DATA FOR ANALYSIS »
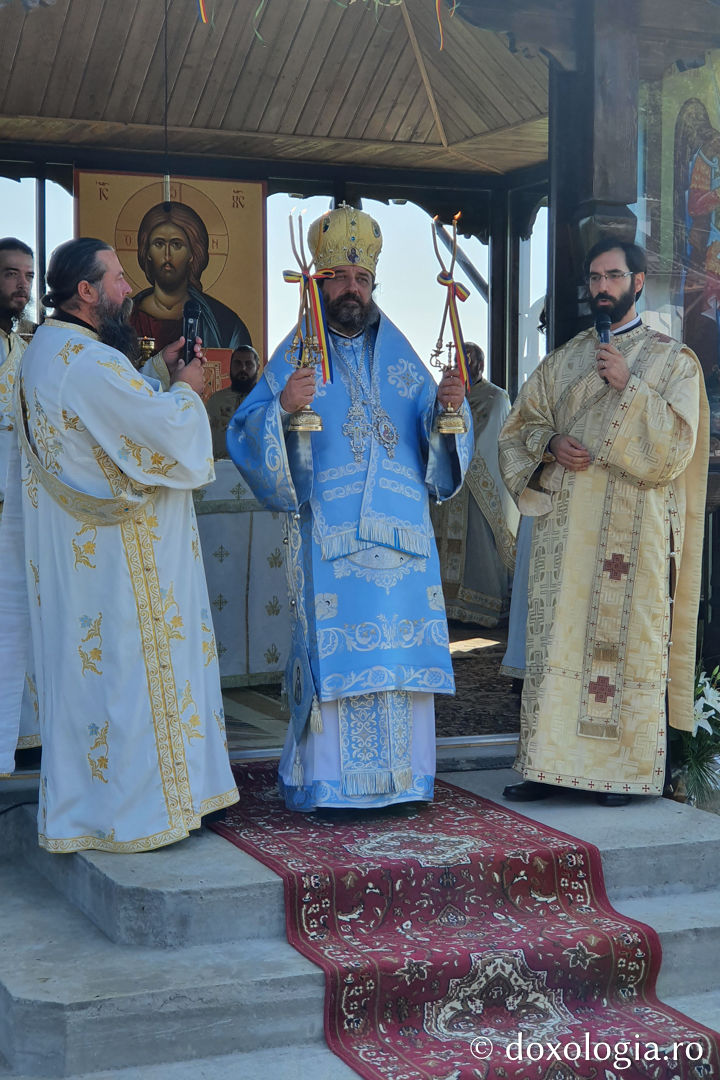 Dacă Dumnezeu ne-a dat să trăim în zilele acestea, înseamnă că acum ne este cu putință să ne mântuim – PS Nichifor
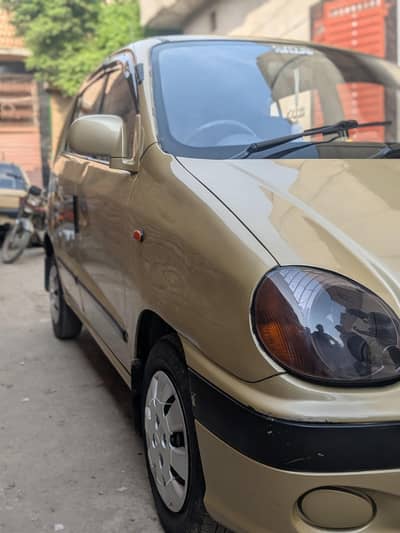 Hyundai Sentro 2004 All Documents clear.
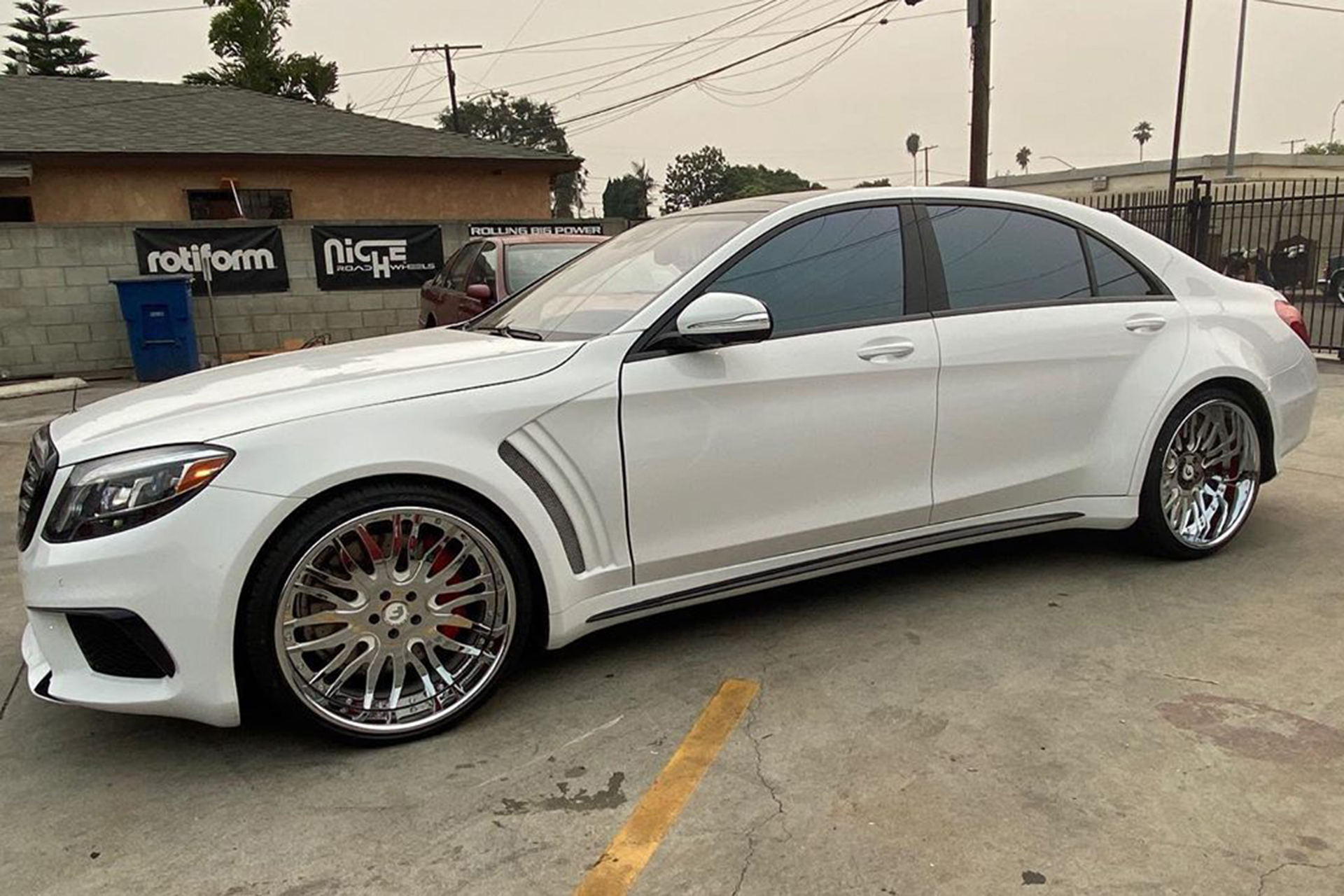 Sclass on Diosso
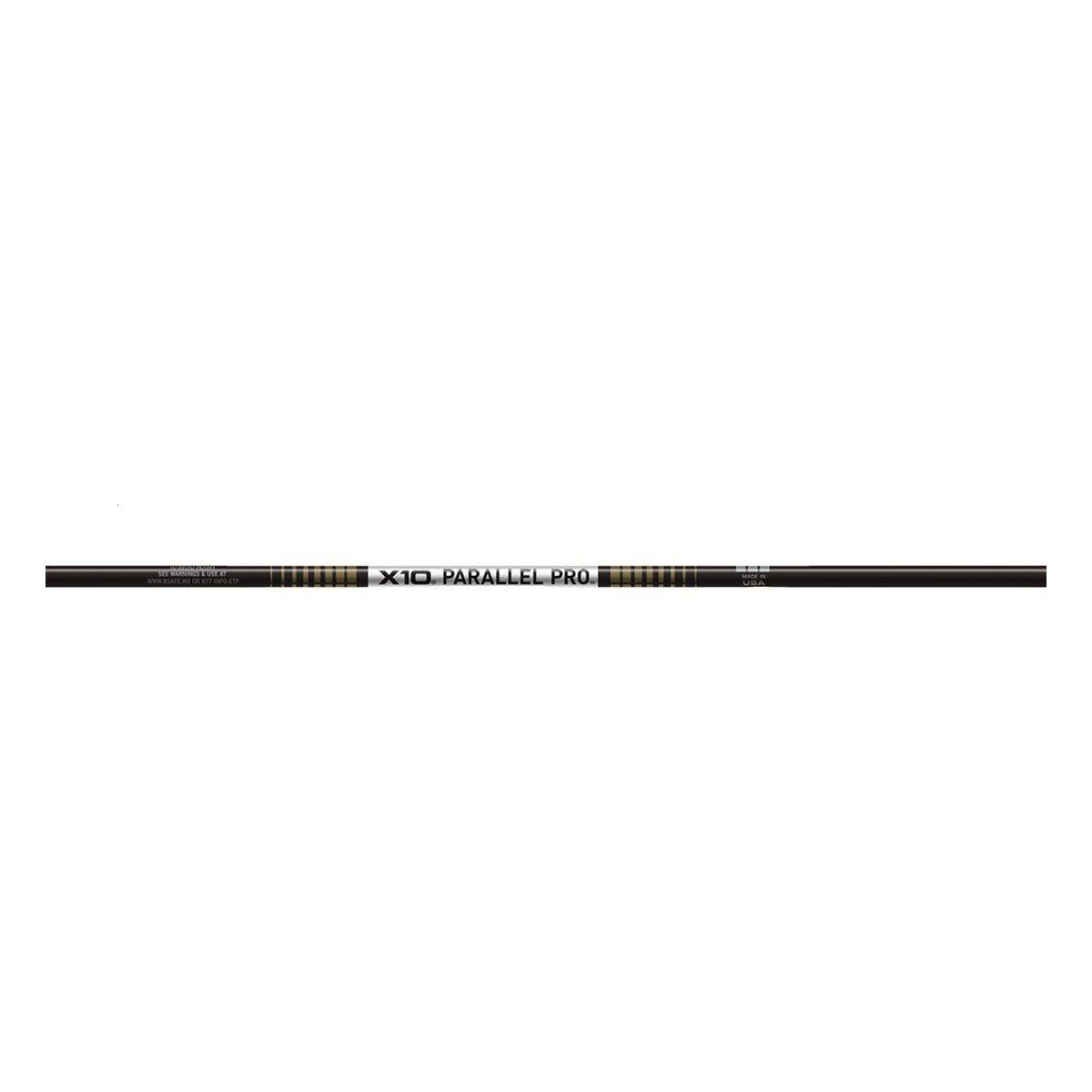 Easton X10 Parallel Pro Shafts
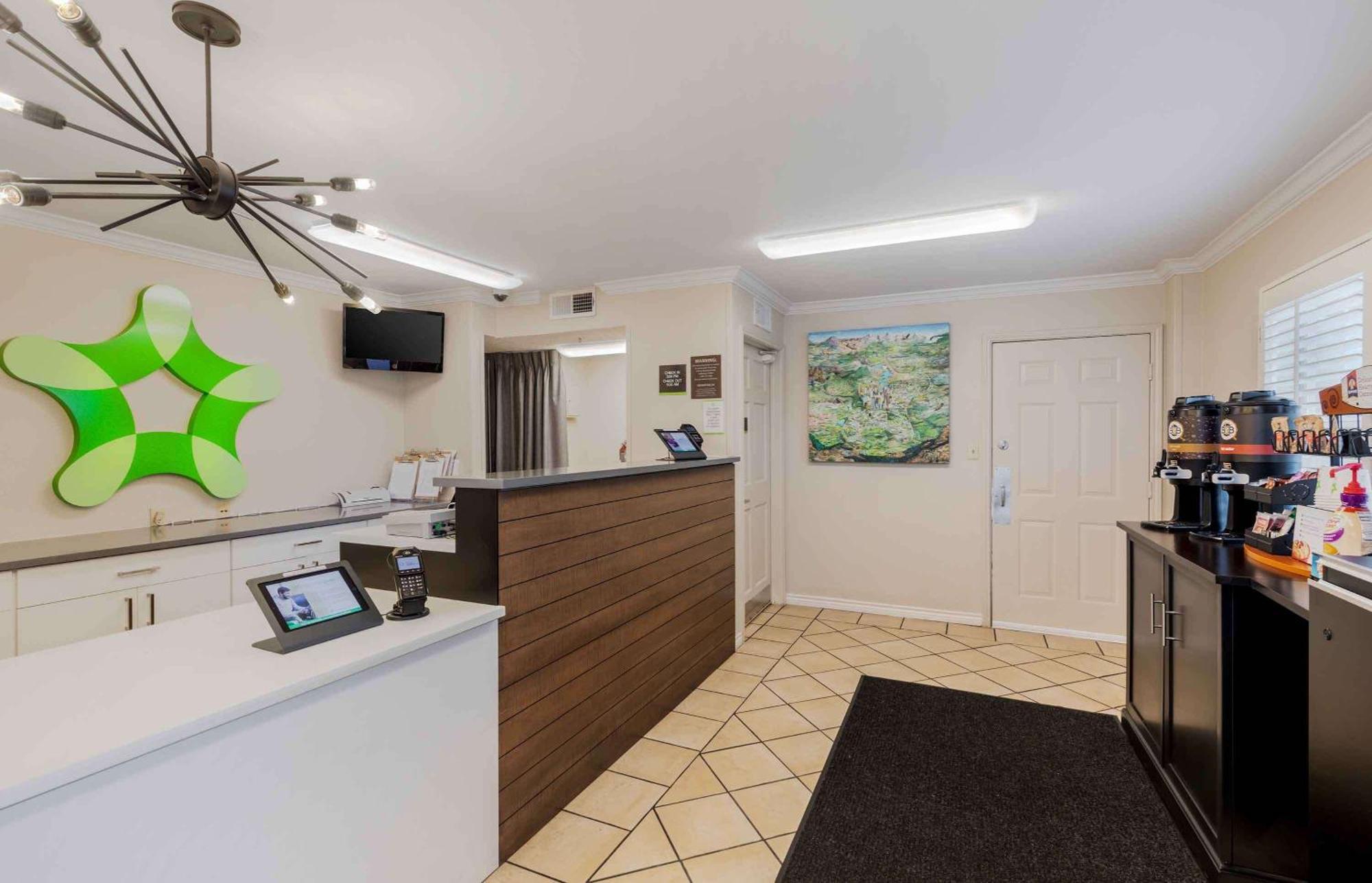 Extended Stay America Suites - Dallas - Coit Road Zewnętrze zdjęcie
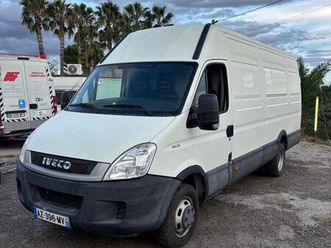 iveco daily 35c15 rj l3 3.0hpi 150ch
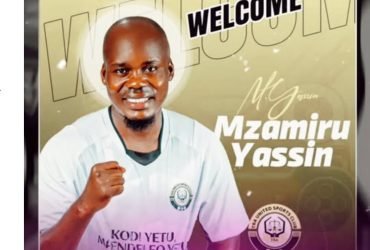 Mzamiru Yassin Ajiunga na TRA United Baada ya Kuondoka Simba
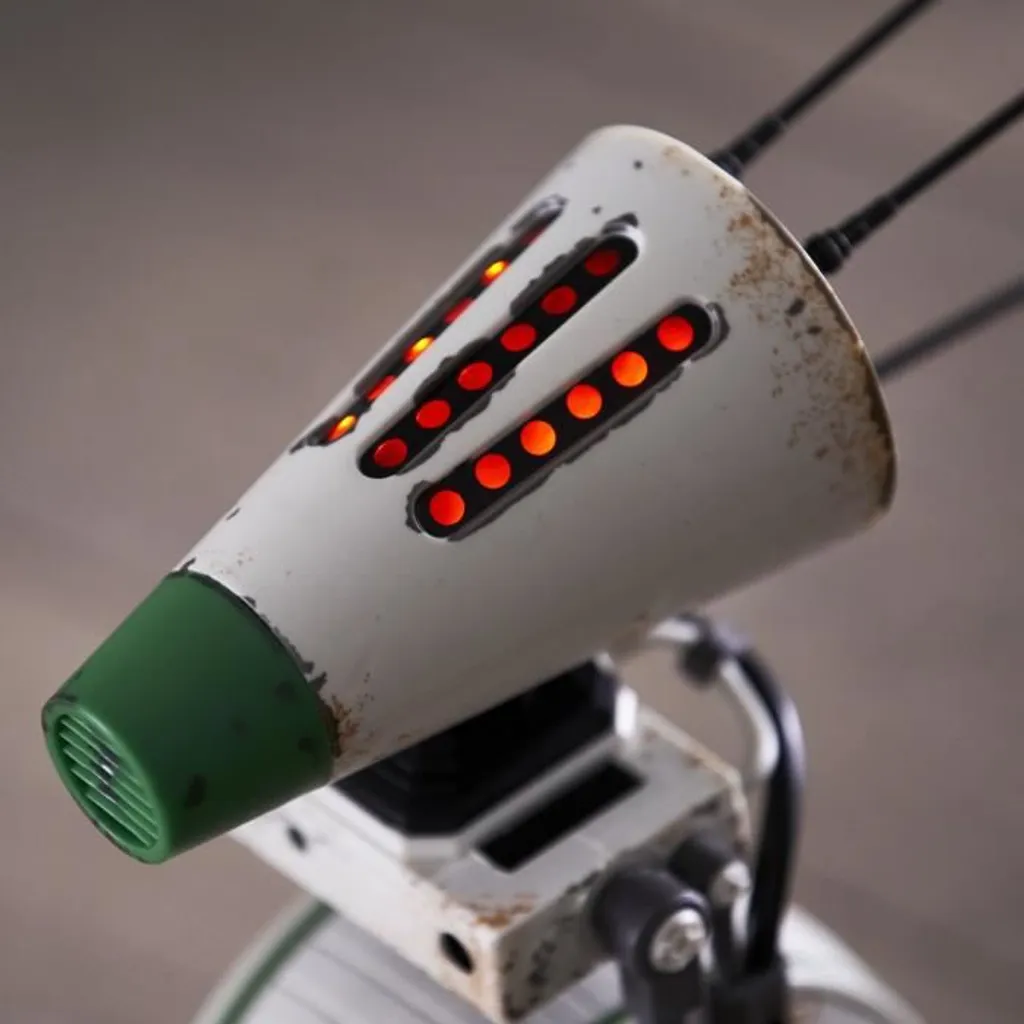 Hasbro Star Wars D-O Droide interactif L'ascension de Skywalker E6710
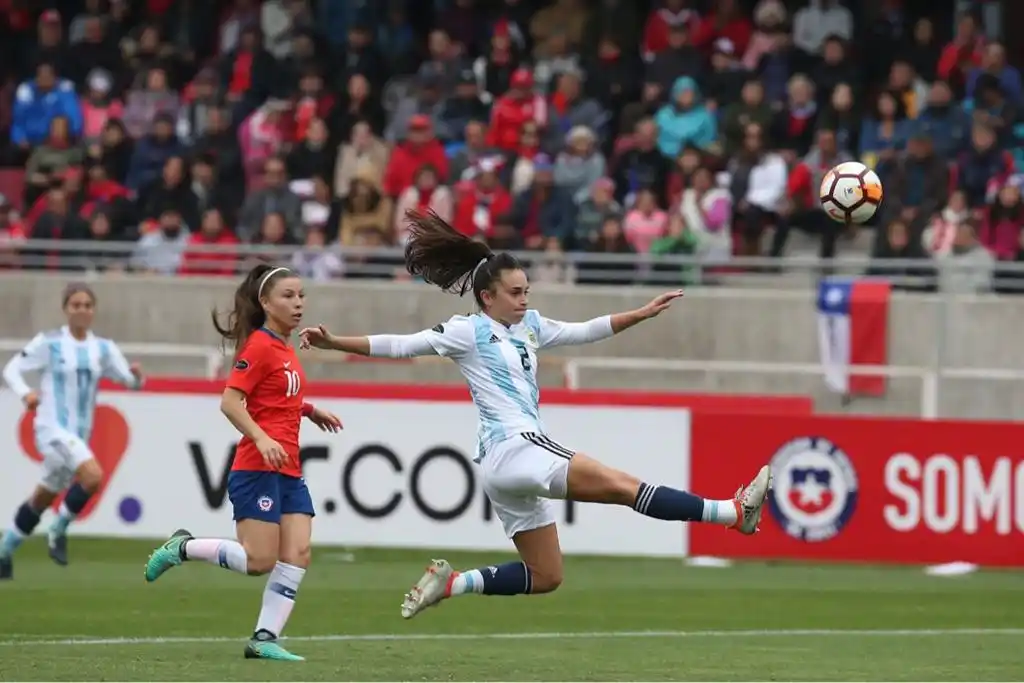 COPA AMERICA FEMENINA: Argentina fue goleada y  deberá jugar el repechaje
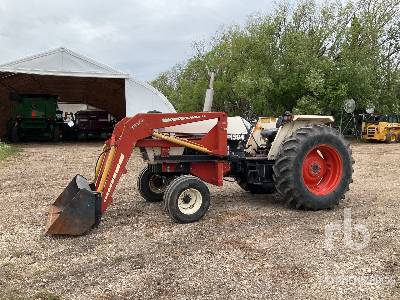 1984 Case IH 1594 2WD Tractor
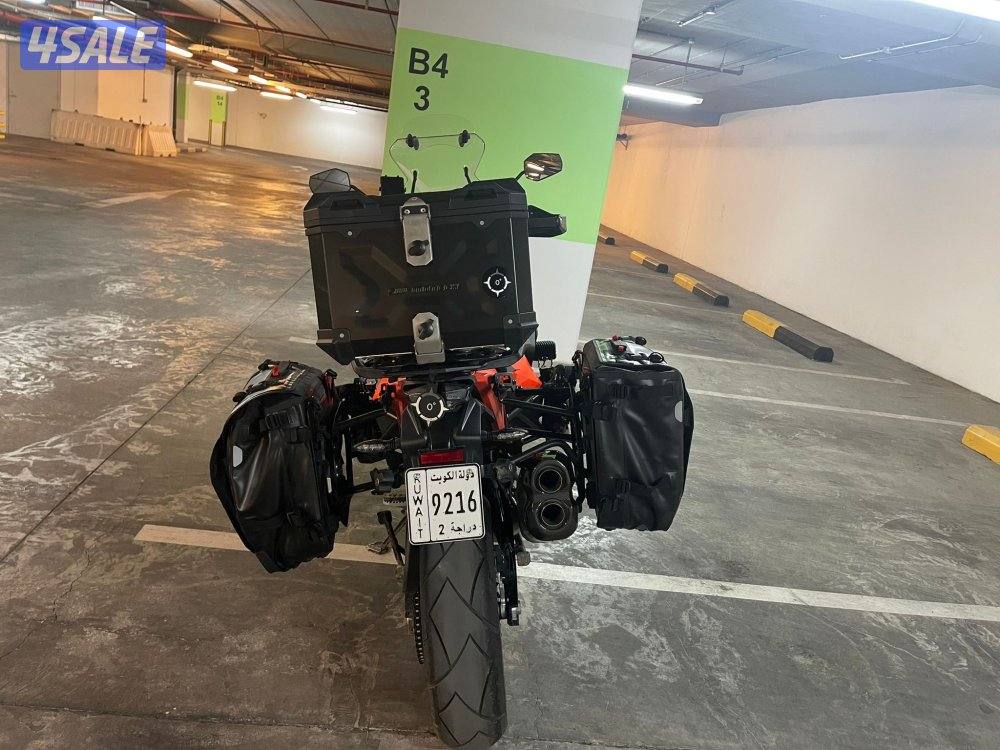 للبيع KTM SUPER ADV S4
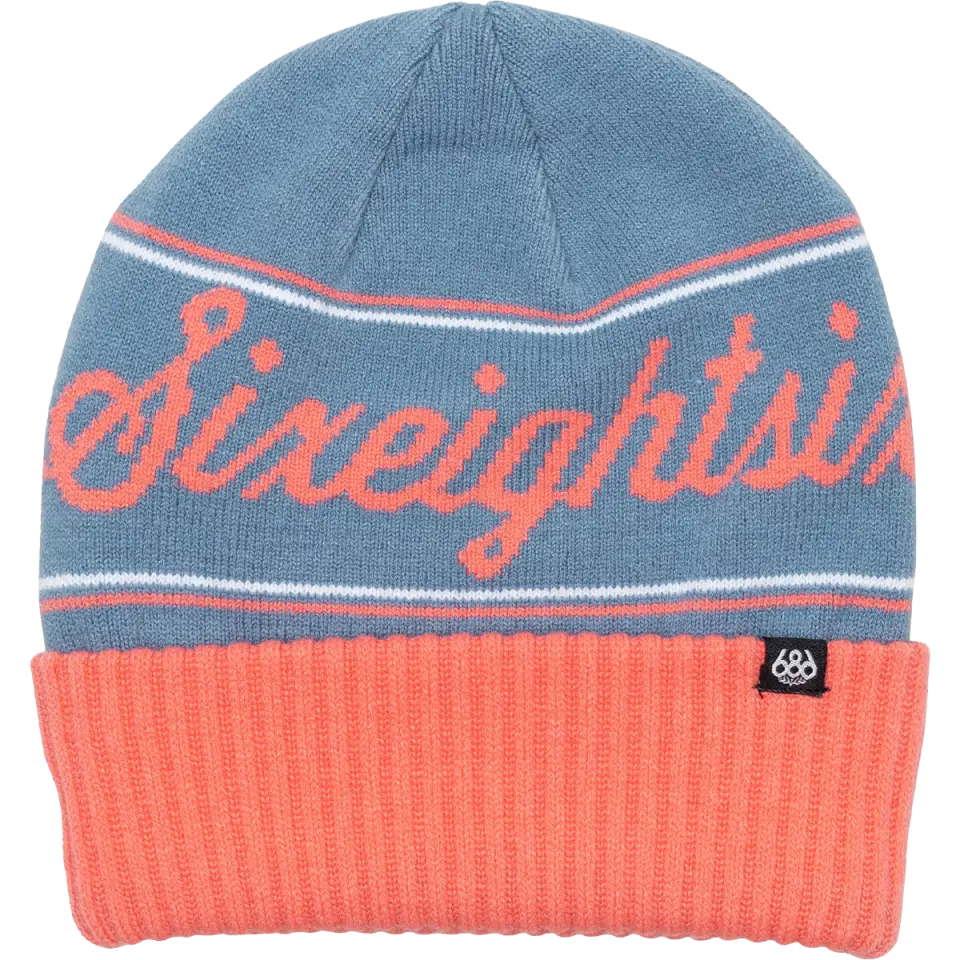 Youth Roll-Up Beanie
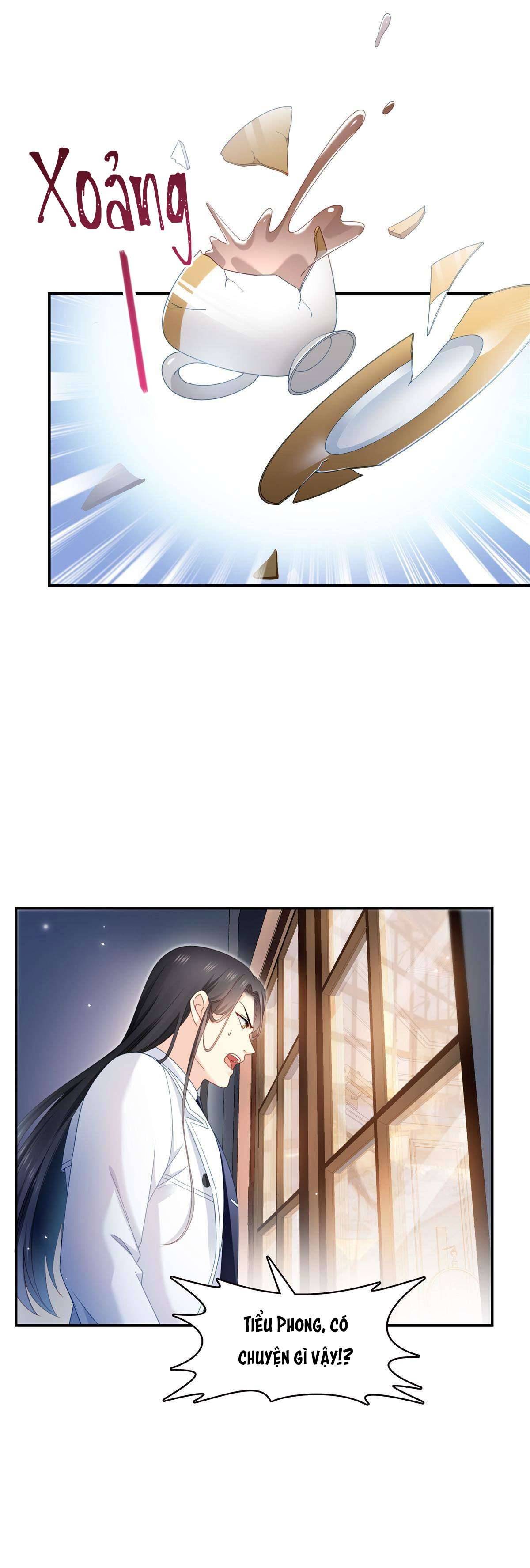 Hệt Như Hàn Quang Gặp Nắng Gắt Chap 332 - Trang 4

WHAT THIS TASK INVOLVES »
For this exercise, output only the lines from the one bearing "Hasbro Star Wars" to the end of the material above, exactly as written, with pictures left out.

RESULT FOR THIS TASK »
 Hasbro Star Wars D-O Droide interactif L'ascension de Skywalker E6710
 COPA AMERICA FEMENINA: Argentina fue goleada y  deberá jugar el repechaje
 1984 Case IH 1594 2WD Tractor
 للبيع KTM SUPER ADV S4
 Youth Roll-Up Beanie
 Hệt Như Hàn Quang Gặp Nắng Gắt Chap 332 - Trang 4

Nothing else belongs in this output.